++++ DATA TO EXAMINE ++++

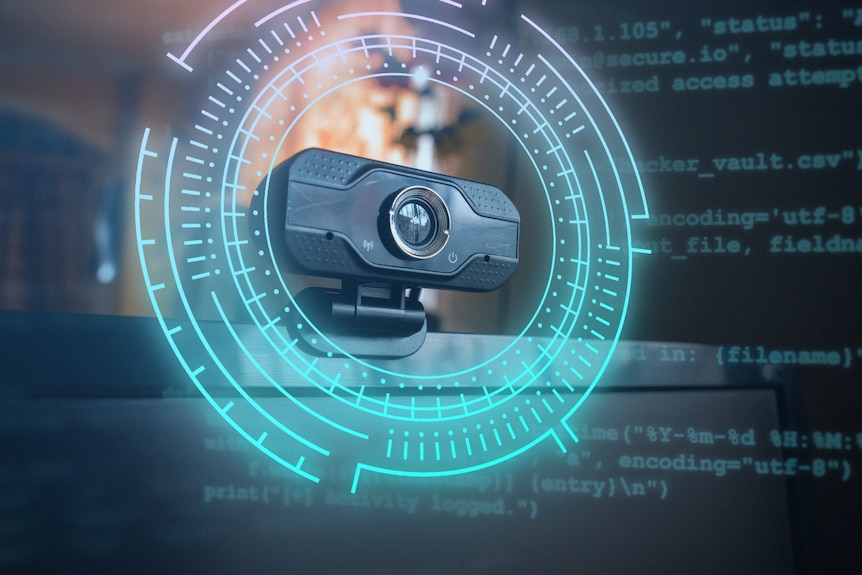 A blue background with a webcam in the centre and coding and blue circles around the camera.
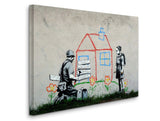 a painting of a man and a woman standing in front of a house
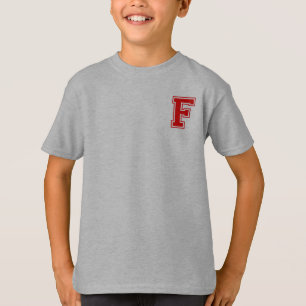 Letter F - Initial Name Alphabet Monogram T-Shirt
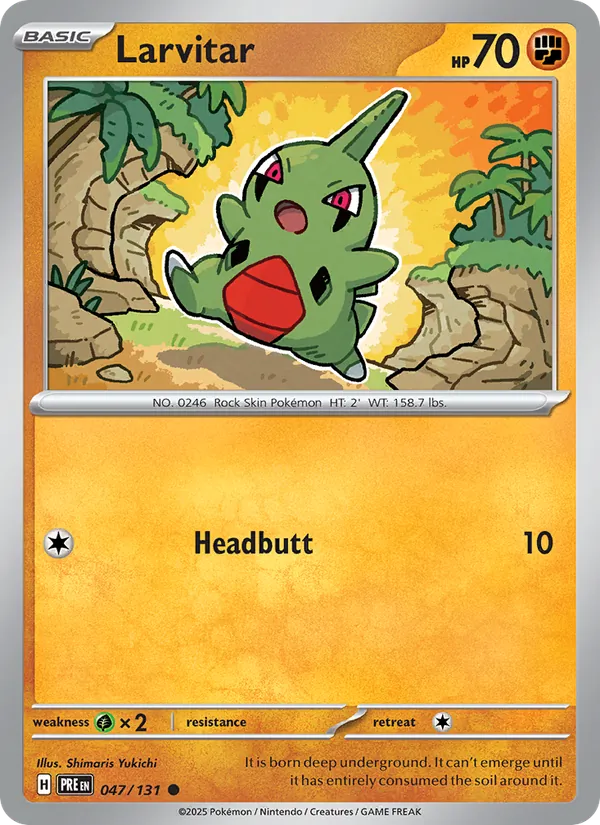 Larvitar Normal 047/131 Prismatic Evolutions Pokémon Card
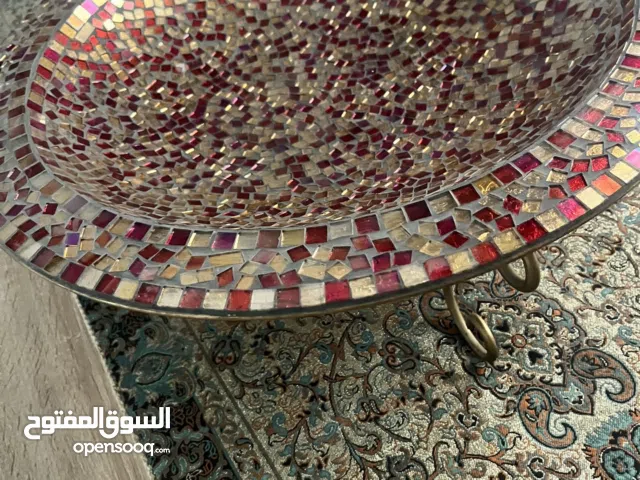 Elegant Mosaic Decorative Bowl with Metal Stand وعاء فسيفساء ديكوري أنيق مع قاعدة معدنية
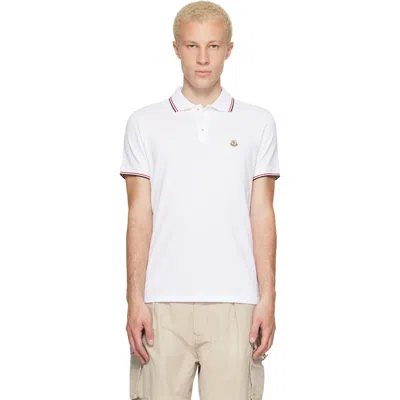 Moncler White Tricolor-trimmed Cotton Piquet Polo In Animal Print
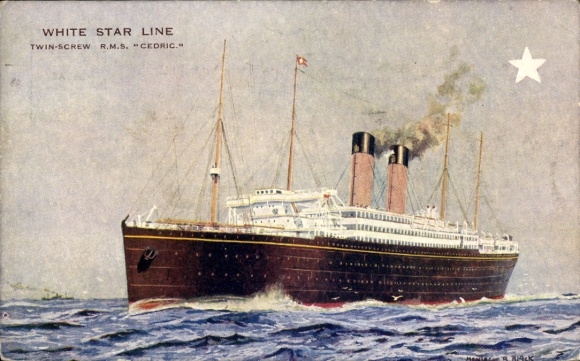 Künstler Ak Dampfer RMS Cedric, White Star Line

++++

(WORK TO COMPLETE)
Copy nothing but the lines from the top of the material through the line holding "Larvitar Normal 047/131", exactly as written; omit pictures.

(SOLUTION TO THIS PROBLEM)
 A blue background with a webcam in the centre and coding and blue circles around the camera.
 a painting of a man and a woman standing in front of a house
 Letter F - Initial Name Alphabet Monogram T-Shirt
 Larvitar Normal 047/131 Prismatic Evolutions Pokémon Card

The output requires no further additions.